# New tank help



## chrisfjr83 (Jan 8, 2009)

I am getting ready to setup a new tank and trying to learn a little bit about these fish. i like the looks of them and I also understand what type of water that they like but I am wanting to know if a planted Cichlid tank is a good idea or should I go more rocky? It is going to be a 60 gal tank so a pretty good sized tank for some smaller Cichlid.

i current have a 20 gallon setup that I raising mollies and platies in that are going to be feeder fish since they keep reproducing like crazy and I have a few plants in there and I just like the look of the planted tank better. Any suggestion would be great. Thanks!


----------



## StripesAndFins (Dec 31, 2008)

how tall is your tank? If it is over 18 inches tall, then you can have angels and discus. i am also pretty sure you could you could get 1 Oscar. You could go with almost any cichlid you wanted. What are you interested in? This would help in picking the best cichlid for you.

Hope this helps


----------



## chrisfjr83 (Jan 8, 2009)

I am also torn as to what kind of substrate to use on Cichlids.
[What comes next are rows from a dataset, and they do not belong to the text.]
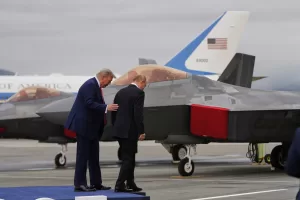 President Donald Trump walks from a stage with Russia’s President Vladimir Putin Friday, Aug. 15, 2025, at Joint Base Elmendorf-Richardson, Alaska. (AP Photo/Julia Demaree Nikhinson) President Donald Trump walks from a stage with Russia’s President Vladimir Putin Friday, Aug. 15, 2025, at Joint Base Elmendorf-Richardson, Alaska. (AP Photo/Julia Demaree Nikhinson)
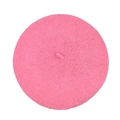 Chic rose pink wool knitted beret hat featuring a warm textured finish for women - One Size / Pink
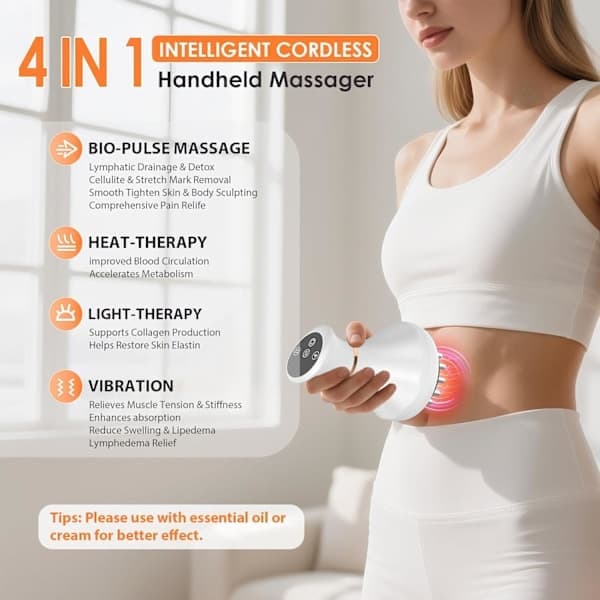 4-in-1 Lymphatic Drainage Massager - Deep Massage for Body and Cellulite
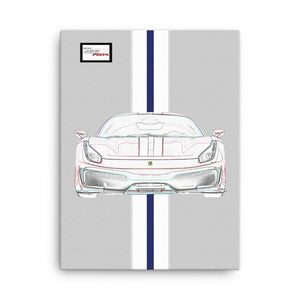 Argento Nurburgring Ferrari 488 Pista White Nart Racing Livery Canvas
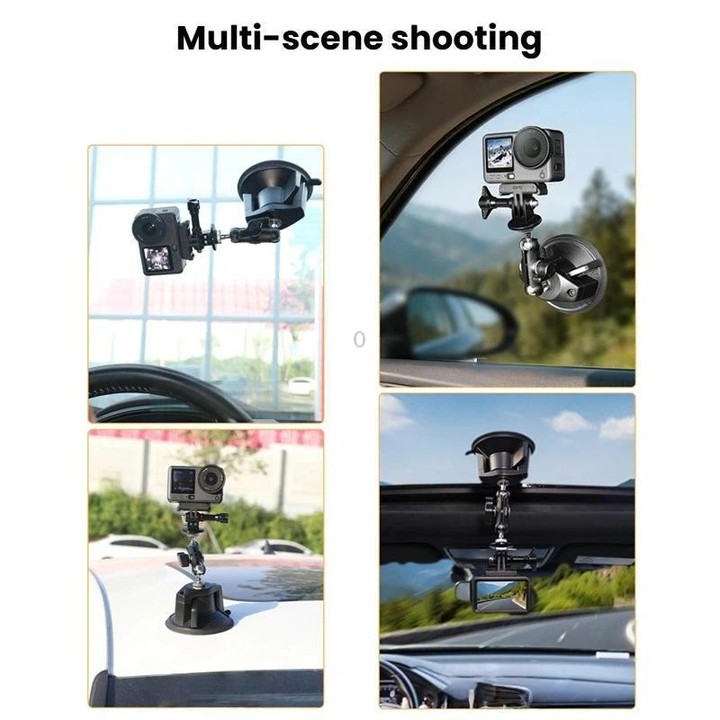 For DJI Osmo Action 6 Suction Cup Mount 360-degree Rotatable Car Windshield Mount with Vacuum Base(Black)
I know that there is Cichlid substrate and there is plant substrate. Is there one that can be used for both types of fish?


----------



## chrisfjr83 (Jan 8, 2009)

As to what kind I am not really sure at this time. I am wanting to get some thing that is going to be good to use with live plants as well. I know they are more of a rocky not so much vegetation but is there any that would be good with a planted take. I am wanting to get very colorful fish as well and I know that you can find very colorful cichlids.


----------



## Eraserhead (Feb 1, 2007)

Cichlids tend to like rocks quite a bit. They also like to chew on/rip/destroy plants sometimes, I've never had good luck with it, but I know people who have. If you are just getting in to the cichlid hobby and have a 60g tank, don't waste all that space on an Oscar. I've found that starting out with Africans is pretty fun. Oscars are great fish, but they're super filthy and demanding. Plants can do well in most substrates, though I am not sure how well they thrive in sand- might be too easy to yank out. There is crushed coral which makes a good cichlid substrate (make sure you wash it really well though- makes the water cloudy otherwise). Many places sell substrates specifically for cichlids as well.


----------



## emc7 (Jul 23, 2005)

There are cichlids that do fine in planted tanks. Most of them are south american fish that like soft water. African lake cichlids need hard water and cichlid substrate helps with that. Look at cichlid-forum.com profiles. Look around and see what cichlids are availible to you and we will tell you what they need.

Kribs are good choice for a planted tank.


----------